The report, based on a UNDP mission to Zimbabwe from 13 November to 5 December, was called for in the Abuja Agreement on land reform signed by the Zimbabwe government in September last year. Under the agreement, brokered by Nigerian President Olusegun Obasanjo, Zimbabwe agreed to uphold the rule of law, end violence on farms, and end government-backed farm occupations.
The overall assessment
The report noted that the "overall assessment" of the UNDP team was that the "political philosophy" and "socio-economic rationale" of the fast track land reform and resettlement programme remained "sound". But the current scope was not "sustainable" and represented an "over-reach" of the original objectives that was not the consequence of debated and clear government policy "but rather the aggregation of a series of one-off executive actions".
Under the original land reform programme, 5 million hectares of land were ear-marked for resettlement. This, however, increased to about 9.2 million under the government's accelerated reform programme. The report noted that since the inception of the fast track programme in June 2000, up to 6,481 farms were listed for acquisition. Of these, 918 were deleted because they were counted twice and 689 were de-listed. This reduced the total number of farms to 4,874.
The UNDP mission found that the scale of the land acquisition programme was "staggering, as were the difficulties that it has had to confront in the past year". It added that UNDP shared the "wide-spread concern" that the policy-making process could have been more participatory, with the involvement of rural communities, and more transparent.
The selection of beneficiaries could also have been improved, with priority given to those in greatest need and those already with some experience in agricultural production, the report noted.
The team said that the acquisition process "lacked compassion" but was "generally within the law". It added that the process was affected by "cumbersome" consultations, "weak capacity" and poor coordination which led to "numerous" errors in processing the acquisition of properties.
According to the report the "overall trend" was a "substantial" decline in the number of farm occupations after Abuja, but there were still a few post Abuja occupations. "Even if the trend is a steady decline, full compliance with the Abuja agreement is required," said the report.
The report noted that most resettled farmers were not well-prepared for farming because the infrastructure development in most cases were "totally inadequate". Since social and agricultural support services were weak, it was extremely difficult for new farmers to address "fundamental" problems of successfully settling into a new environment.
The economic effects
The report said that the gross domestic product (GDP) was expected to achieve a negative growth of 5.3 percent this year, with tobacco exports falling by an estimated 10 percent. Tobacco is the country's largest source of foreign exchange.
"The inevitable conclusion is that the land-reform programme has not contributed to increasing GDP from agriculture or to an increase in the export of agricultural commodities," it added.

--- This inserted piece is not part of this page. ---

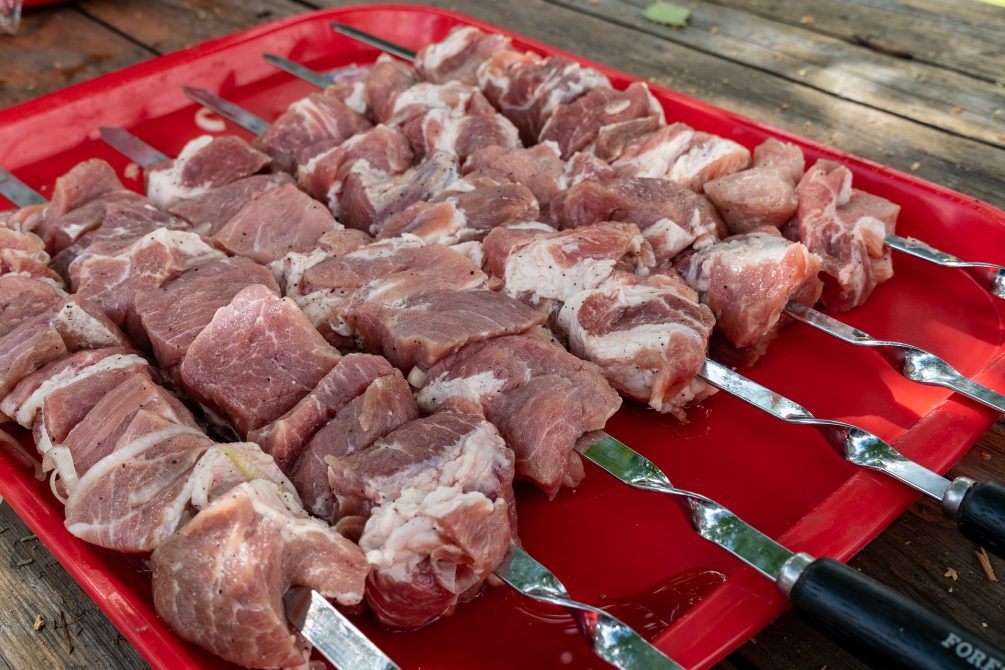 Индекс шашлыка: набор для приготовления мяса на природе за год подорожал почти на 600 рублей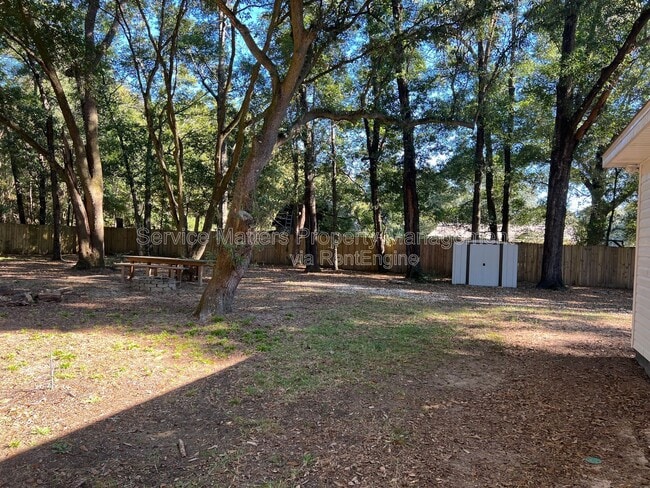 Building Photo - 6150 Franklin St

The social and humanitarian dimension
The team noted that the fast-track programme has created disadvantaged communities that "humanitarian" interventions may be required to support those "adversely" affected.

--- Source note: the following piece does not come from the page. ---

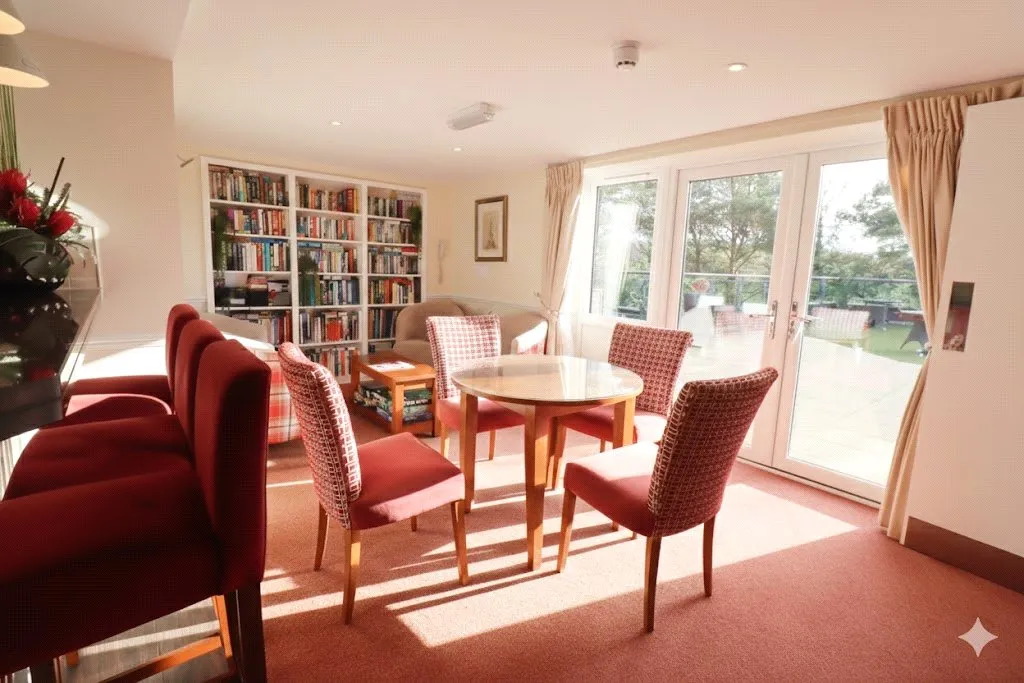 Park Lane, Camberley, Surrey, GU15 3FU, photo 18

It said that an estimated 30,000 families have been displaced. The report said that many farm workers were suffering from "heightened levels of depression" because of the high levels of violence that they have been exposed to since early 2000.
"This is manifesting itself in increased family violence among farm workers and their families. The incidence of wife and child abuse has risen dramatically in the past two years as has the consumption of alcohol among male workers at the expense of household incomes," said the report.
The report said that the team could not make detailed proposals because of the "rapidly evolving nature of developments in Zimbabwe", but recommended that a follow-up technical mission be dispatched to Zimbabwe immediately after the March presidential election "for a more extended visit at a time when there will be more clarity on ... Zimbabwe's own policies and objectives on land reform".
However, it did recommend the creation of an independent land commission and the development of a trust fund to help resettled farmers. It also recommended that relevant laws pertaining to the land reform process be made more consistent.